Il 24 febbraio 2012 esce Roses, l’ultimo capitolo di questa storia quasi ventennale. A colpire da subito è la differenza evidente tra il lavoro appena uscito e gli album passati; in precedenza, il rock era molto più marcato, c’era tanto spazio per chitarre e suoni aspri, con punte di hard rock. Nel nuovo album, la voce di Dolores si fa più dolce e soave, a tratti sembra quasi sussurrare le parole, ma con risultati sempre ottimi. Il primo singolo estratto è “Tomorrow”, trainante brano del disco, dal testo romantico e sound decisamente Irish folk, dall’atmosfera molto rilassata. Il testo è semplice e viene ripetuto, come in “Show Me” , dove si parte piano per poi arrivare a un ritornello diretto e ripetitivo.
Altro pezzo che colpisce molto è sicuramente il primo ad apparire nel disco, “Conduct”. Dopo un intro di circa 45 secondi, fatta di suoni distorti e colpi di batteria, la sublime voce di Dolores esce dal guscio, prima molto delicatamente, poi sempre più forte, in un crescendo di carica emotiva che trascina ed è trascinata dalla chitarra. «Take back my life / take back my heart». Sofferenza e disperazione.
Stessi ritmi e stesso sound lo ritroviamo in “Fire and Soul”, sussurri e chitarra accompagnano l’ennesima ballata d’amore che non stanca mai. In “Raining in My Heart”, il testo più riuscito dell’album e il coro prendono pieno possesso della scena.
Se c’è un momento dove invece questa tendenza viene invertita è di sicuro “Schizophrenic Playboy”: il tono della cantante, le parole della canzone e la base cambiano nettamente, lasciando spazio a strofe che sembrano grida di dolore e riportano alla memoria vecchi successi.
Un po’ dei Cranberries anni ’90 li ritroviamo in “Astrel Projections”, nello specifico nel ritornello «I will go down / I fly away», ripetuto quasi ossessivamente, fino a scomparire.
Per concludere, un’insolita e nuova atmosfera avvolge invece “Waiting in Walthamstow”, la composizione più originale e profonda di Roses.

Se vi aspettate il carattere e l’energia rock dei Cranberries di dieci anni fa, state lontani da questo nuovo album.

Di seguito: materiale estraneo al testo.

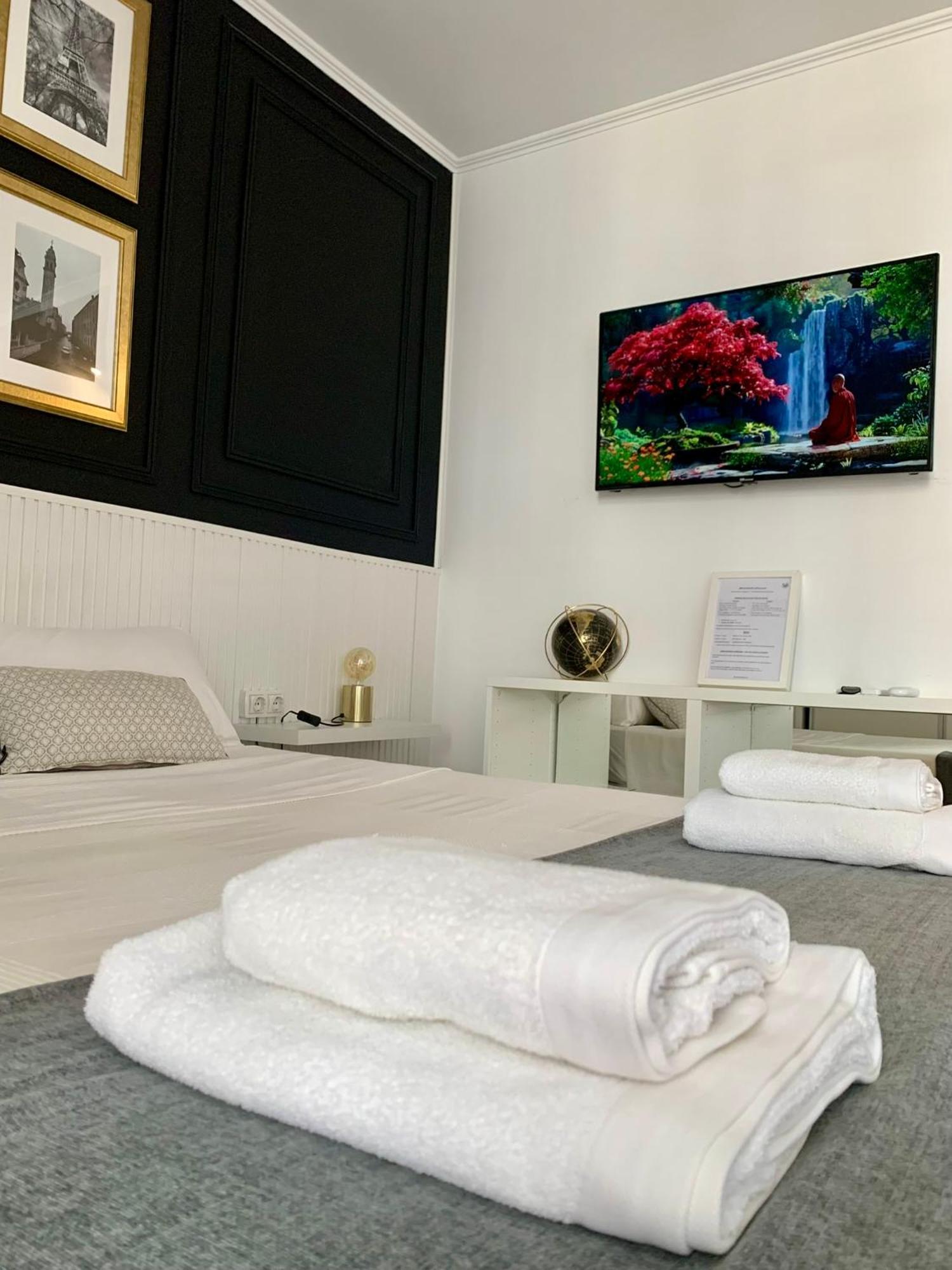Ar Apartments - Central And Cozy Apartment In Benalmádena Eksteriør bilde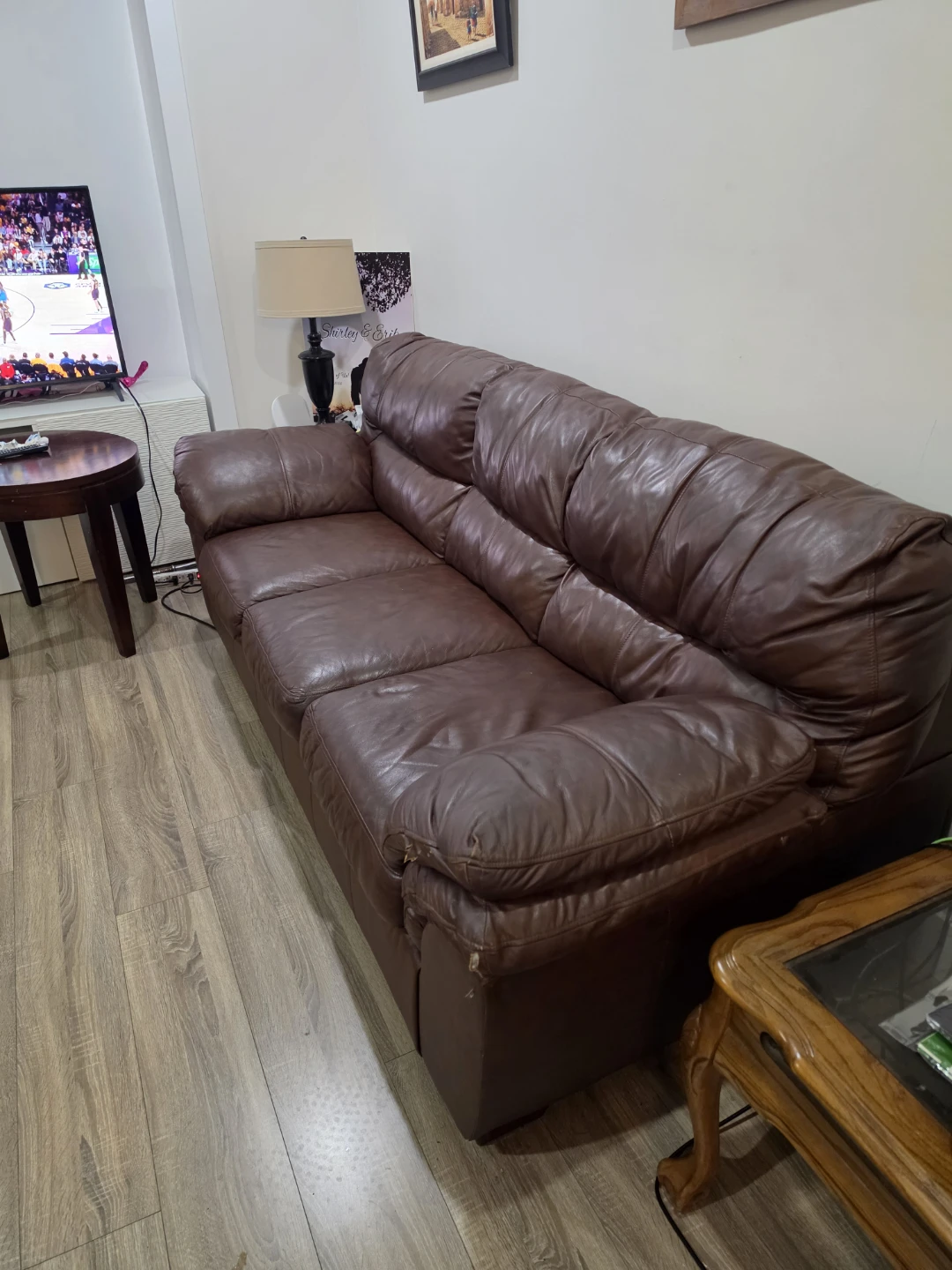 7.5ft Brown Leather Sofa – Great Comfort! - photo 3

Il sound è decisamente cambiato e le innovazioni sono tante, a partire da un netto avvicinamento al genere indie, rendendoli sempre attuali e al passo con i tempi. Tutto ciò senza mai abbandonare l’Irish folk che identifica la band, grazie all’uso di strumenti e suoni tipici della loro verde e incantevole terra. Le perfette scelte melodiche e le ballate acustiche donano suoni rilassanti: in certi momenti, si ha la sensazione che più o meno si capisca quando entrerà o uscirà dal campo la voce di Dolores, che da sola si era un po’ persa, mentre questa reunion fa bene a lei come a noi. Welcome back!